Trotz der Tatsache, dass der Anteil der zionistischen Siedler, die im ehemaligen Palästina und späteren Israel in Kibbutzim lebten, damals wie heute eine kleine Minderheit darstellt, hat der Kibbutz als einzigartige Lebensgemeinschaft und Verwirklichung einer sozialistischen Utopie weltweite Bekanntheit erreicht und eine bedeutende Rolle auf dem Weg zum israelischen Nationalstaat gespielt.[7]

Angesichts dieser utopischen Ideale drängt sich natürlich die Frage auf, ob und wie die verschiedenen Kibbuzim diesen in der praktischen Umsetzung gerecht werden konnten. In der Folge sollen nun zunächst in einem ersten Teil die ideengeschichtlichen Einflüsse der Kibbutzbewegung näher untersucht werden. Hier wird der Fokus auf Bewegungen und Institutionen des 19. Jahrhunderts in Ost- und Westeuropa liegen, die das soziale Milieu der Kibbutzgründer entscheidend prägten. In diesem Kontext ist auch die Situation der Juden in der Diaspora in den Blick zu nehmen, die zunächst im Osten später auch massiv im Westen von Diskriminierung und Verfolgung geprägt war und schließlich den Zionismus für viele Juden als Rettungsidee erscheinen ließ.[8]

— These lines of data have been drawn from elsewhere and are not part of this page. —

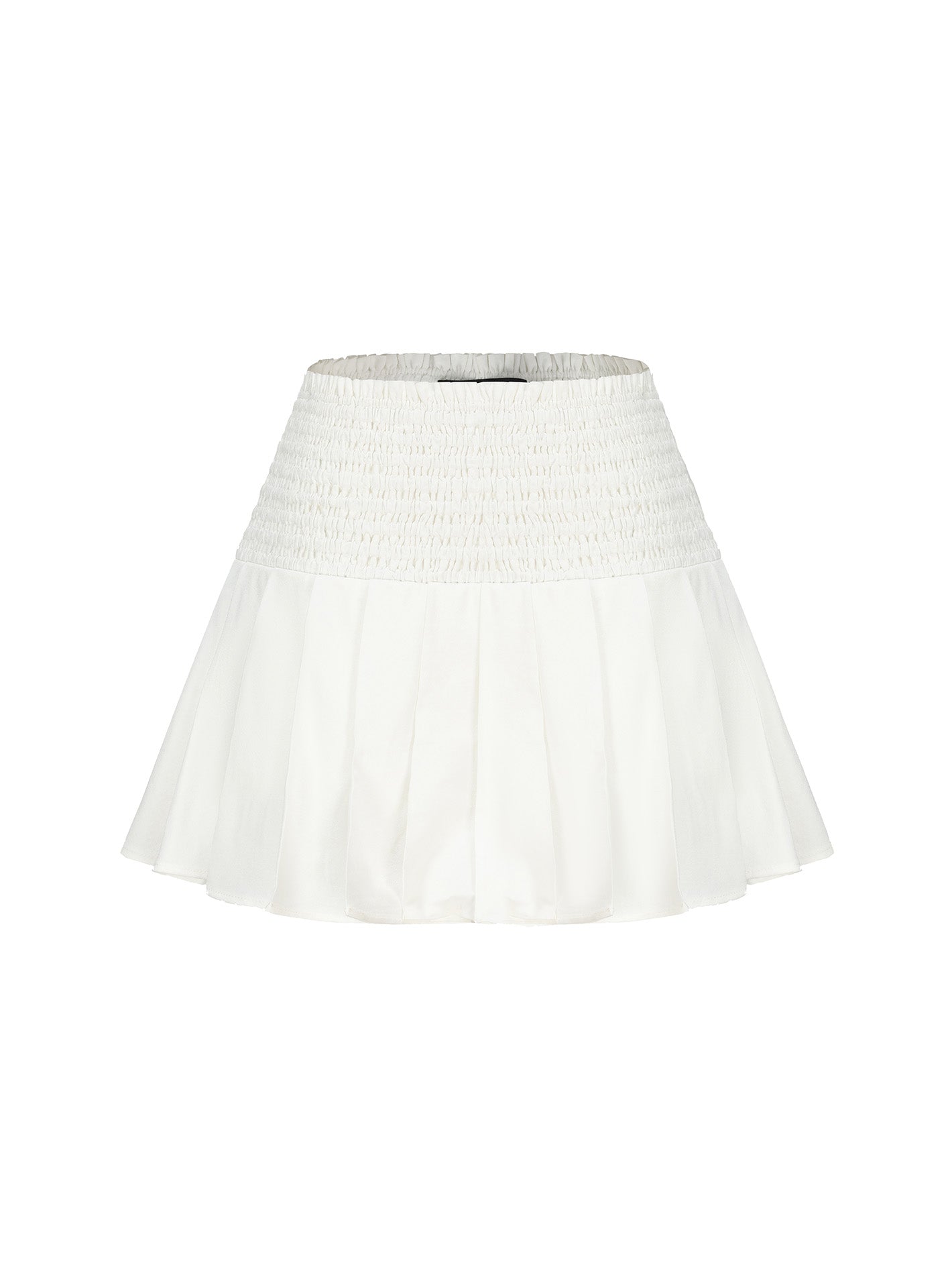Remi Skirt (White) (Final Sale)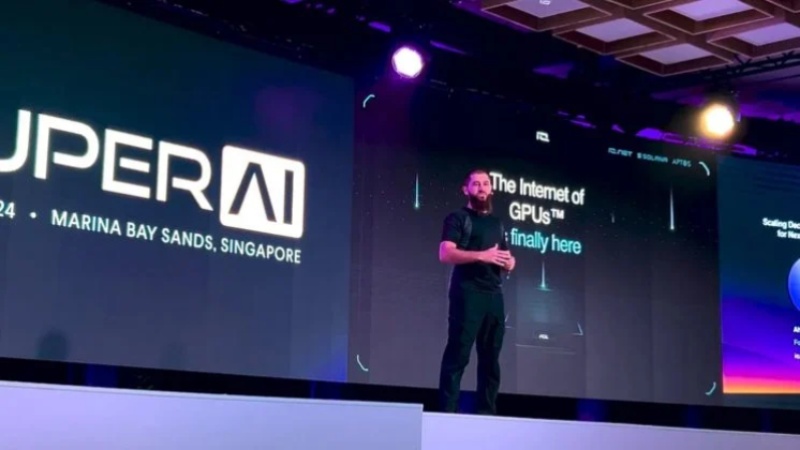 Io.net Founder Invests $130M in AI Crypto Startup O.XYZ for Decentralized AI System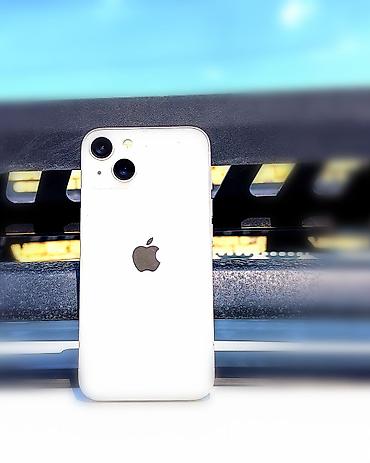 ayfon adapdiri: IPhone 13, 128 GB, Ağ, Face ID — 3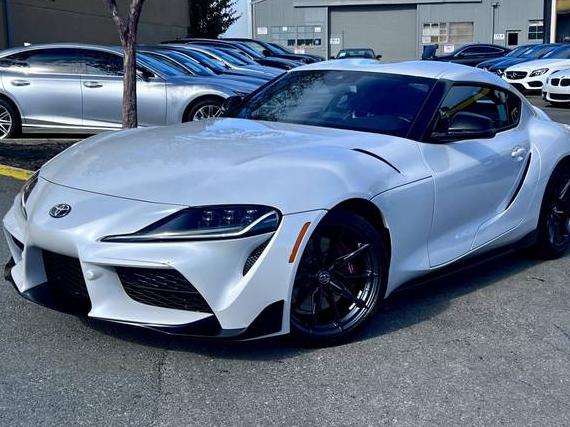 TOYOTA SUPRA 2024 WZ1DB0G05RW067318 image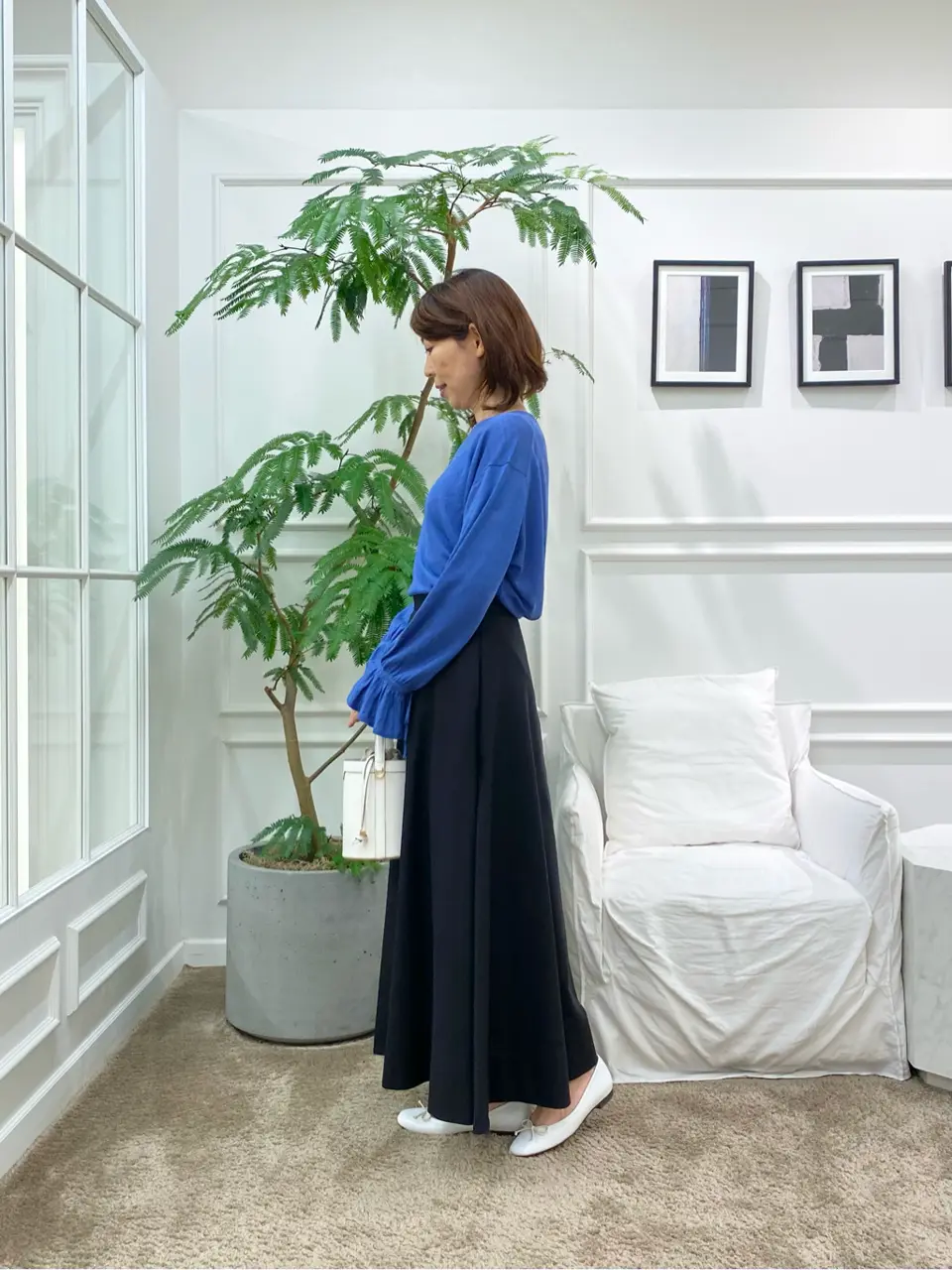 23区 権藤 コーディネート画像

Im zweiten Teil soll die praktische Umsetzung verschiedener Elemente der herausgearbeiteten Kibbutzidee exemplarisch untersucht werden. Dafür sind die typischen Strukturen des Kibbutz in ihrer historischen Entwicklung in den Blick zu nehmen. Neben der ökonomischen und politisch-sozialen Dimension des Kibbutzlebens kommt dem Konzept der Kollektiverziehung ein bedeutender Stellenwert zu. Als Quellenbasis für diesen zweiten Teil bieten sich neben der Forschungsliteratur Tagebuchnotate von Kibbutznikim[9] und Berichte von Kibbutznikim an, die zwar einen subjektiven aber unmittelbaren Eindruck vom Leben im Kibbutz geben. Zunächst werde ich versuchen, einen groben Überblick über die Forschungsliteratur zu geben.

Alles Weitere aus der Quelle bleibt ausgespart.